A terrified Elizabeth commanded barbarous reprisals, to the point where some 90 fortified castles were razed and 300 villages were savagely pillaged and destroyed and 800 captives were hanged — and we are left to wonder about how this harsh reality of war affected the young man who, more than two decades later, at age forty-three in 1593, would adopt the warrior-like pen name “Shakespeare” on his dedications to nineteen-year-old Henry Wriothesley, 3rd Earl of Southampton, his son by the Queen who deserved by blood to succeed her on the throne.

PS – The lines from the plays with matching words or phrases come from the magnificent book SHAKESPEARE REVEALED IN OXFORD’S LETTERS by William Plumer Fowler, Peter E. Randall, Publisher, Portsmouth, New Hampshire, 1986 — one of the great Oxfordian works, with 872 pages showing how Edward de Vere’s letters are filled with Shakespearean language and unique Shakespearean forms of expression.

I had the privilege of meeting Mr.

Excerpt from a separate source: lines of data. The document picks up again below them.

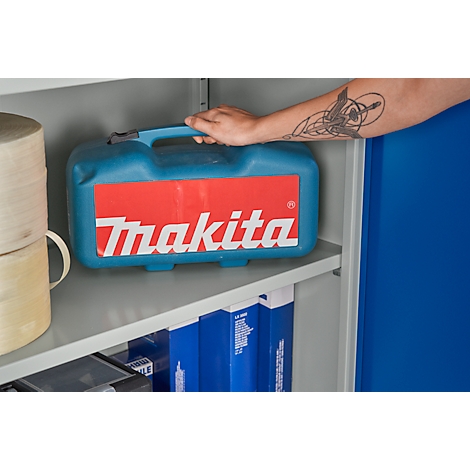 Persoon die een blauwe gereedschapskist met rood Makita-logo in een plank vasthoudt.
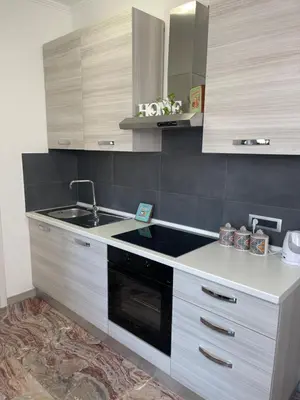 a kitchen with a sink and a stove at Henry Suite in Rome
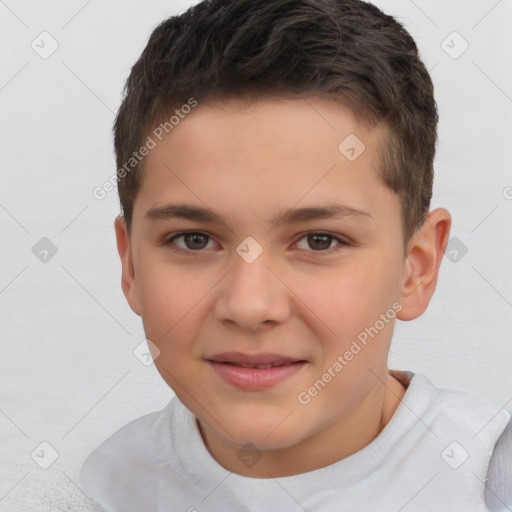 Joyful white child male with short  brown hair and brown eyes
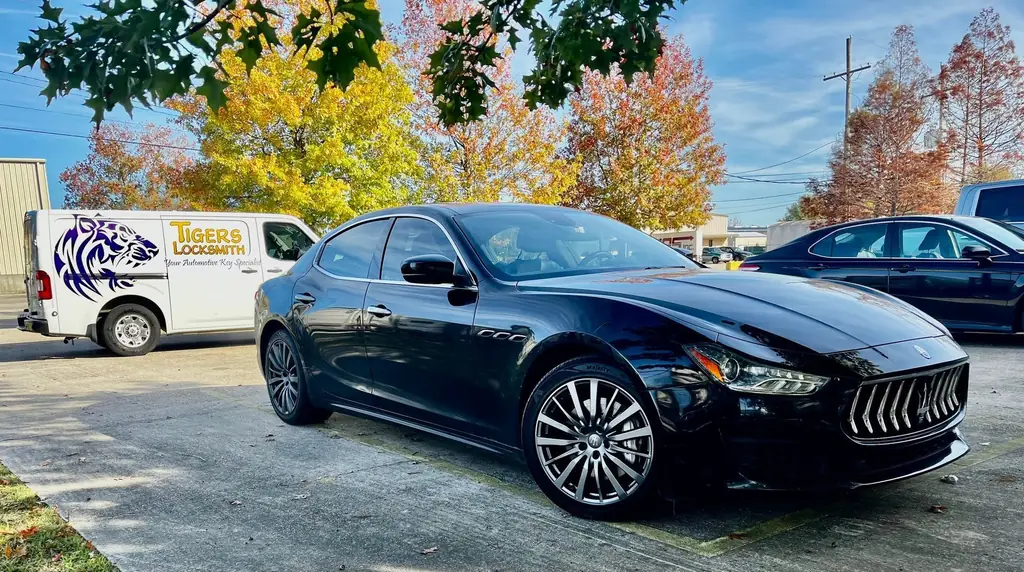 A Tigers Locksmith van parked beside a customer's black Maserati Ghibli under autumn trees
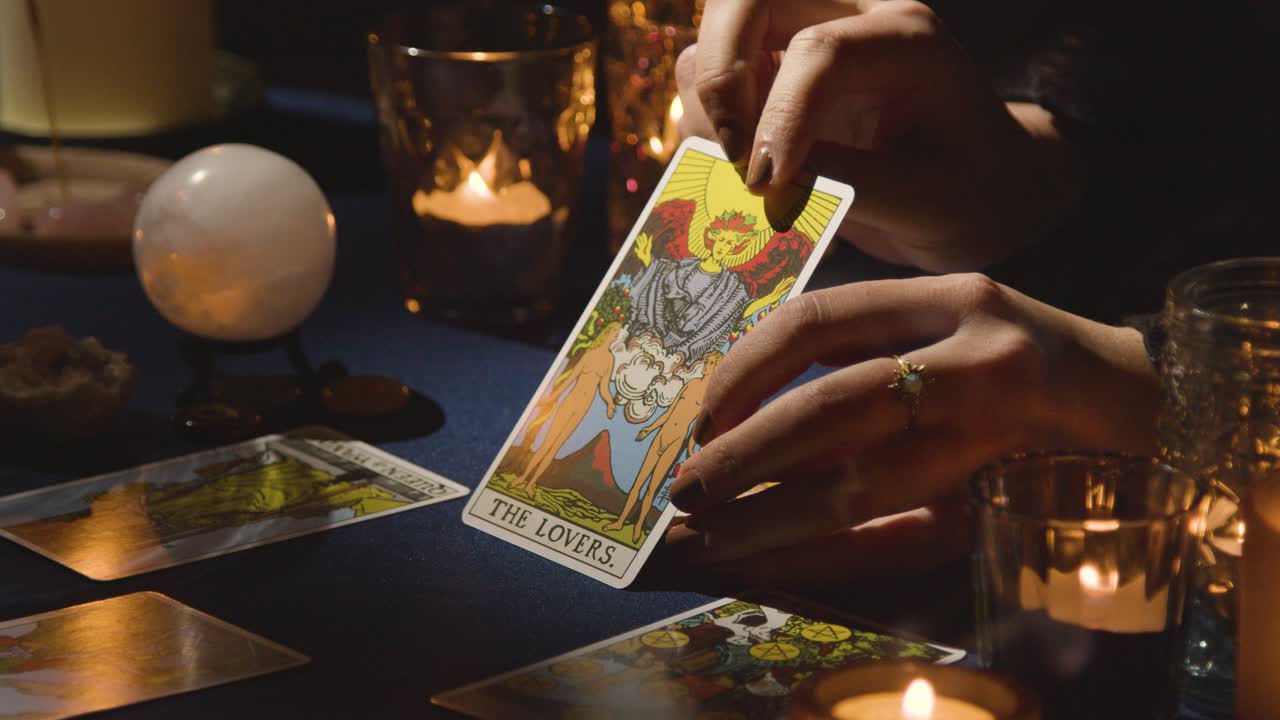 un primer plano de una mujer dando una lectura de tarot en una mesa a la luz de las velas sosteniendo la carta de los amantes 1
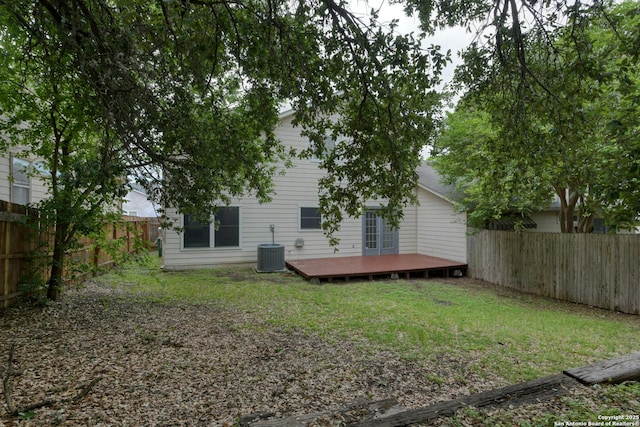 6015 Wexford Pl, San Antonio, TX 78240 - back of property featuring a deck, a fenced backyard, central AC unit, and a yard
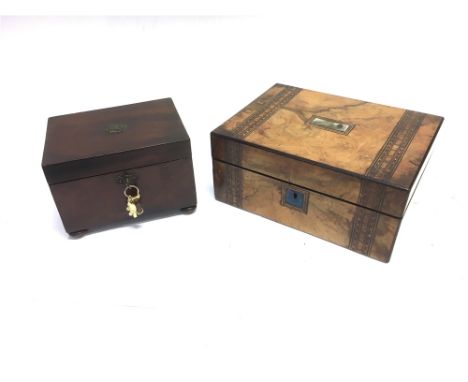 A VICTORIAN WALNUT SEWING BOX  with fitted interior, 30cm wide 22cm deep 13cm high;  and a mahogany twin division caddy 21cm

Fowler a few years before he died, in his nineties, and he recited Sonnet 33 while expressing his belief that Southampton was the son of Oxford and the Queen.  A retired lawyer and recognized poet, he was a graduate of Roxbury Latin School, Dartmouth College and Harvard Law School, not to mention that he had been an ardent Stratfordian and, for twelve years, president of the Shakespeare Club of Boston!

Now, there was a man who trusted his head and his heart, his mind and his gut instincts; and there, I might add, was a man of courage.